The ships of this company were considered the most durable, they were actively applied in military campaigns since the early 1970s.

As a result of the distribution of the Black Sea Fleet, PM-9 changed her name to Krasnodon. In 2001, she was renamed the Donbas. During her service in the Ukrainian Navy, the ship has repeatedly participated in international exercises, as well as in local military parades and cruises. On 11 November 2007, the ship was caught in a hurricane near Sevastopol, but suffered minor injuries and remained intact due to the assistance of the Russian tug MB-160.

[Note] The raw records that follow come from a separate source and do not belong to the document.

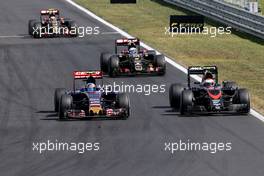 Carlos Sainz (ESP), Scuderia Toro Rosso and jJenson Button (GBR), McLaren Honda  26.07.2015. Formula 1 World Championship, Rd 10, Hungarian Grand Prix, Budapest, Hungary, Race Day.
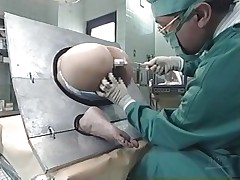 Take a look at what's going on here. A beautiful Nippon chick is the subject of an experiment and she can't do nothing except obey and allow the scientist to do his job. He inserts different liquids in her ass, filling her up. Why is she here and what's happening? Let's find out!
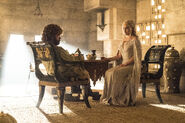 Daenerys meeting with Tyrion in episode 5.9 "Hardhome", wearing the same outfit she previously wore in episode 5.2: notice that it still has the intricate diamond-shaped embroidery meant to resemble dragon-scales, they are just a little more difficult to see on an all-white dress compared to her previous blue ones.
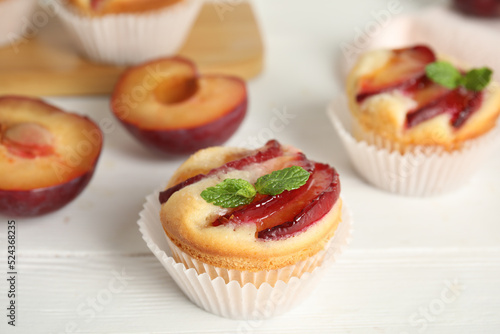 Delicious cupcakes with plums on white wooden table, closeup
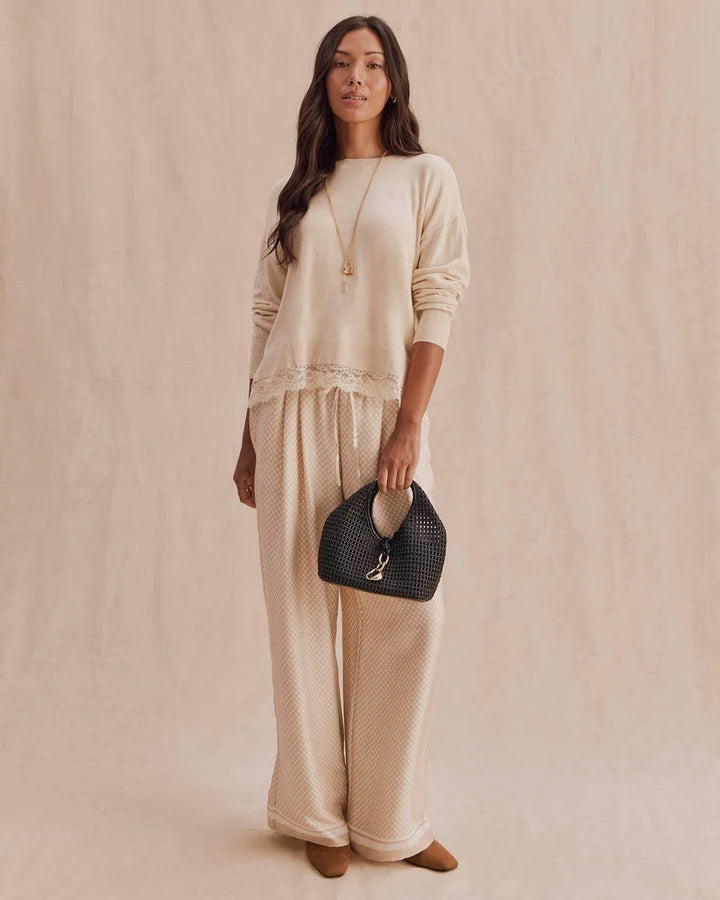 beige knit sweater with lace trim on bottom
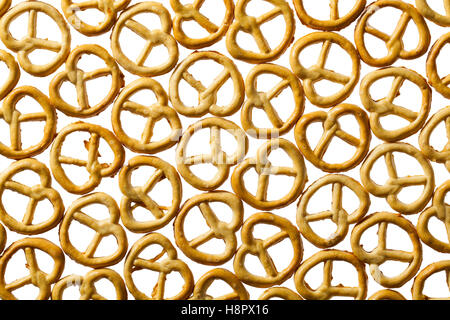 Salty pretzels, isolated on white background Stock Photo - Alamy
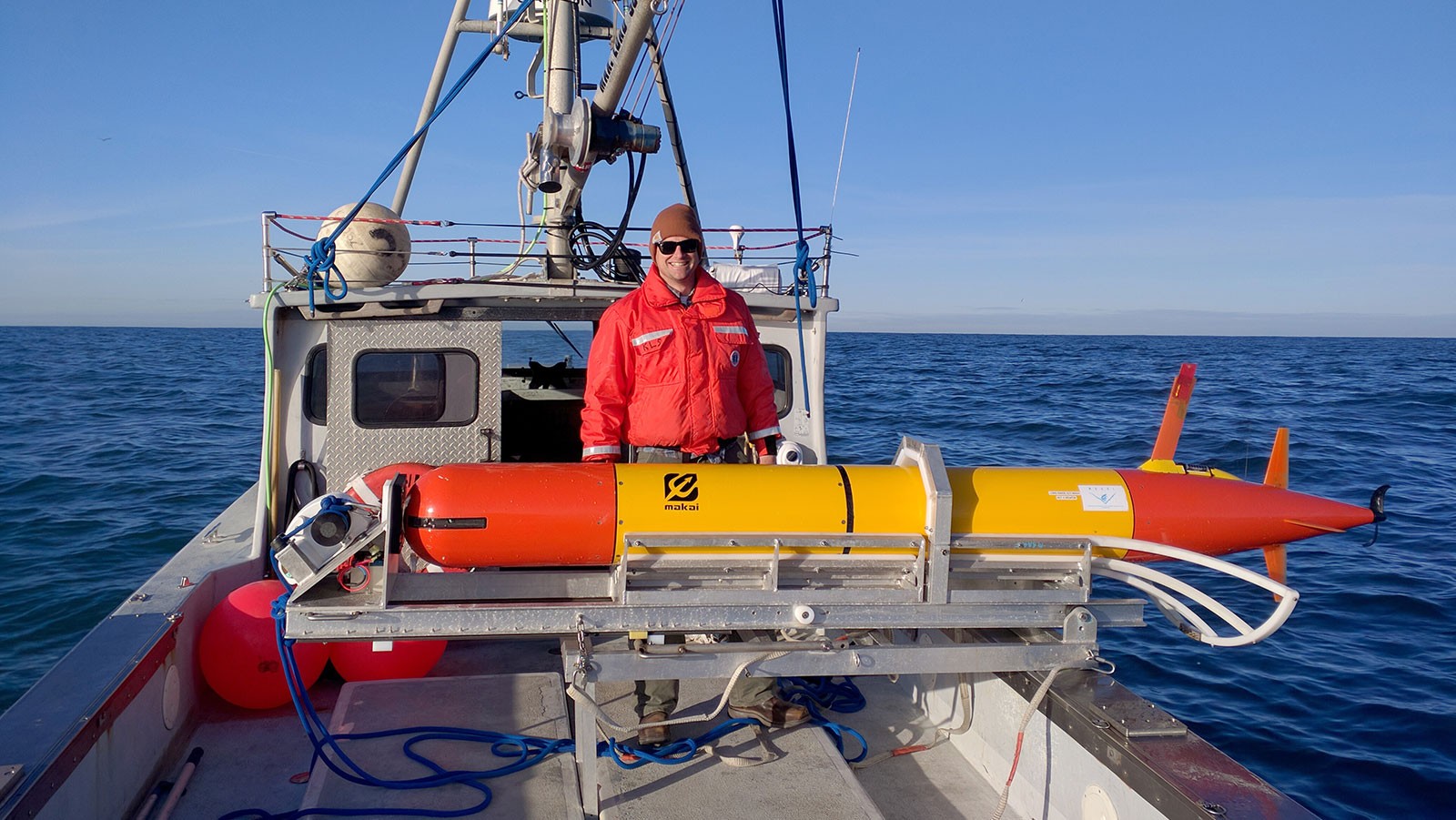 A NOAA Scientist stands next to an eAUV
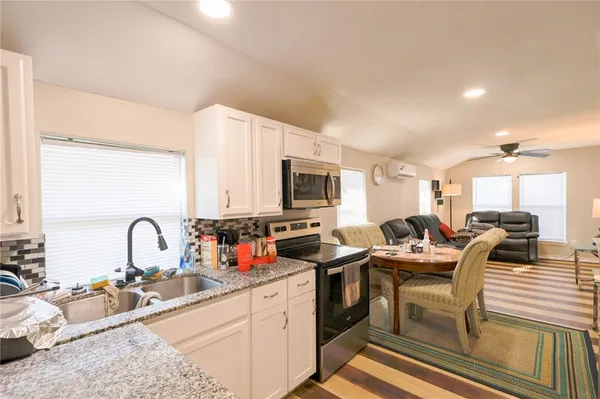 a kitchen with a sink stove and cabinets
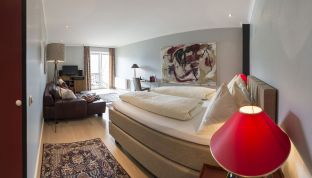 Zimmer der Red Suite mit Doppelbett, Sitzecke und Kunst im Designhotel Cortisen am Wolfgangsee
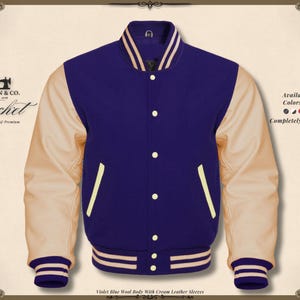 May include: A varsity jacket with a violet blue wool body and cream leather sleeves. The jacket has a button-up front, cream-colored accents, and striped cuffs and hem. The text "KHAN & CO." and "Jacket" are visible.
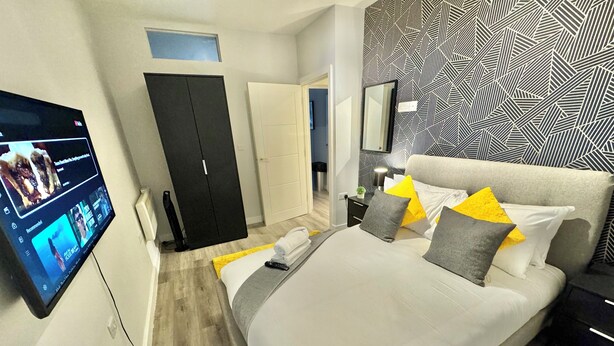 A modern bedroom with a bed, bedside table, and a TV mounted on the wall.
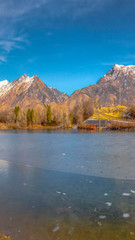 Vertical Scenic panorama of a lake against snow capped mountain and blue sky in winter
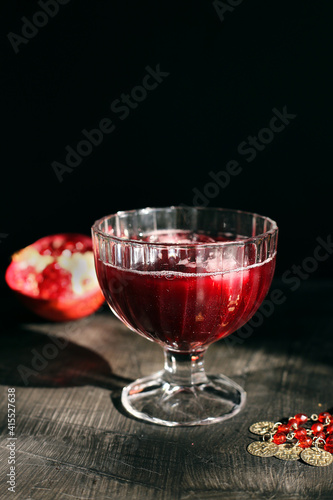 Ruby red pomegranate juice in a glass with ice on a rustic dark mystical background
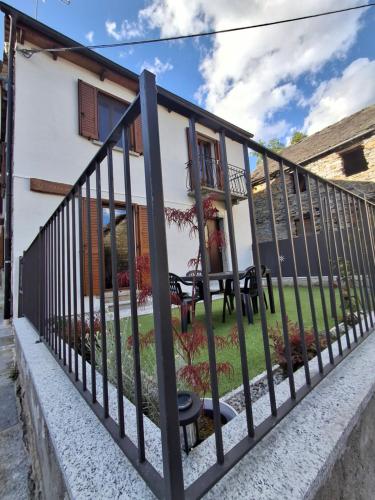 a black fence in front of a house at Casa Jedi in Santa Maria Maggiore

The ship Donbas marked her fourth decade of naval service on 4 December 2009. On this occasion, the Ministry of Defence of Ukraine allocated on 6 December 2010 around ₴4 million for the ship reconstruction. On 25 January 2011, she successfully passed the first stage of sea trials.

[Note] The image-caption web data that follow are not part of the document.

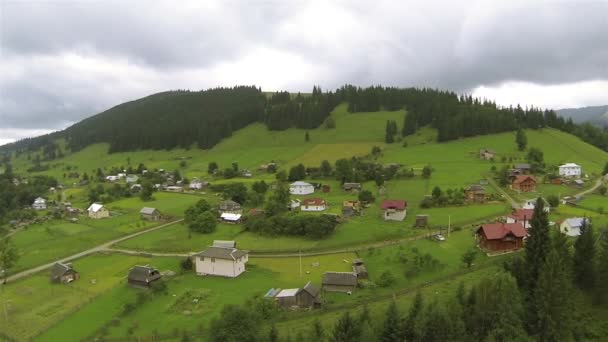 Зеленый холм с поселением в горах. Боковой полет с воздуха 40 секунд — стоковое видео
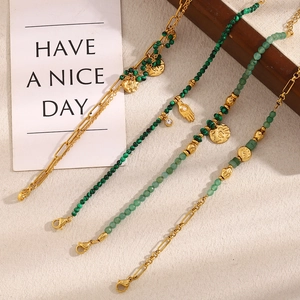 Detail of 18K gold plated Hamsa hand and green natural stone coin charms on link chain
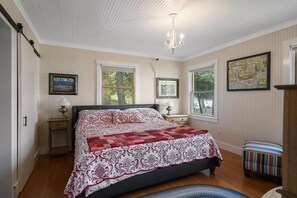 A bedroom with a large bed, two bedside tables, a chandelier, and two windows. - Charming Burt Lake Cottage (Cheboygan)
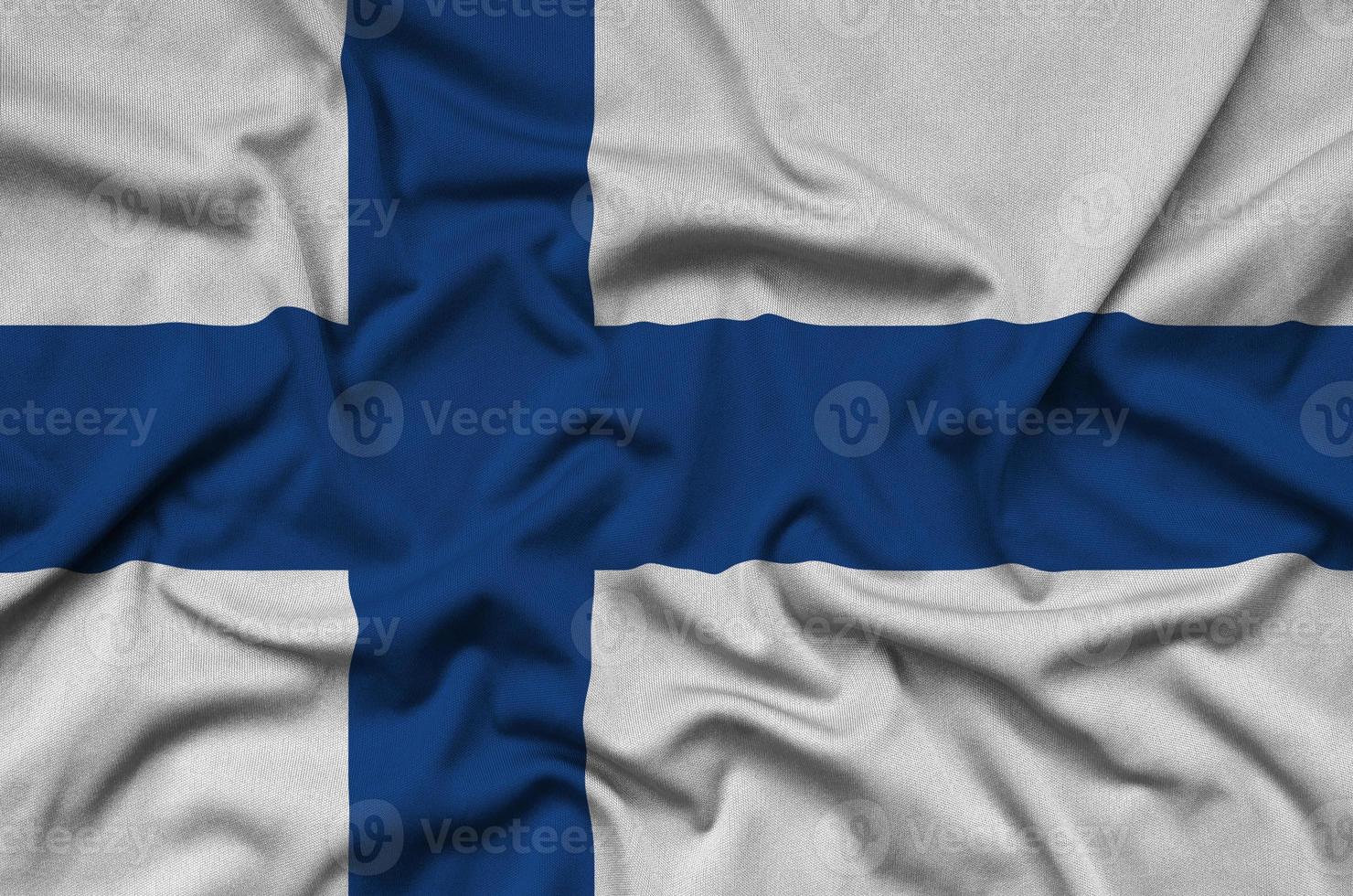 Finland flag is depicted on a sports cloth fabric with many folds. Sport team banner photo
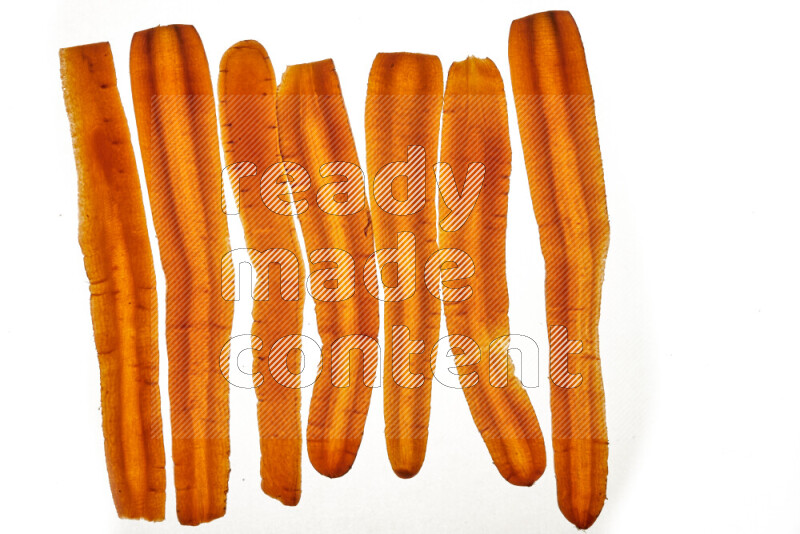 Carrots slices on illuminated white background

On 20 March 2014, the ship was captured by the Russian Navy during the annexation of Crimea. On 17 April 2014, she was released by Russia and transported from Sevastopol to Odesa by the Ukrainian tug Hennadiy Savelyev. On 27 September 2014, with the war in Donbas at its height, Donbas shot down a pro-Russian drone while sailing off Mariupol. On 4 September 2016, the ship was damaged by fire at Odesa.

The search and rescue vessel Donbas and the sea tug Korets got underway from Odesa on 20 September 2018 and transited the Kerch Strait on 23 September, escorted by a number of Russian Navy units. Ukrainian Navy s Kremenchuk and Lubny got underway from the port of Berdyansk to meet the two vessels as they entered the Sea of Azov. Ukrainian President Petro Poroshenko congratulated the crews of the two ships on a successful transit on his Facebook page, adding that they would become part of a newly created base in the Sea of Azov.

"The rescue ship Donbas and the tugboat Korets have arrived in Mariupol. Two small armored gunboats, the Kremenchuk and the Lubny [which were previously redeployed to the Azov Sea and set out to meet the other two ships on 23 September] arrived together with them," as stated at the Ukrainian Military Portal.

Satellite images published on 6 April 2022 show the Donbas being engulfed in heavy smoke in the port of Mariupol, indicating the ship was likely hit. On 16 April 2022, Ukrainian Defence Ministry confirmed the ship was destroyed, purportedly by artillery fire, during the Siege of Mariupol.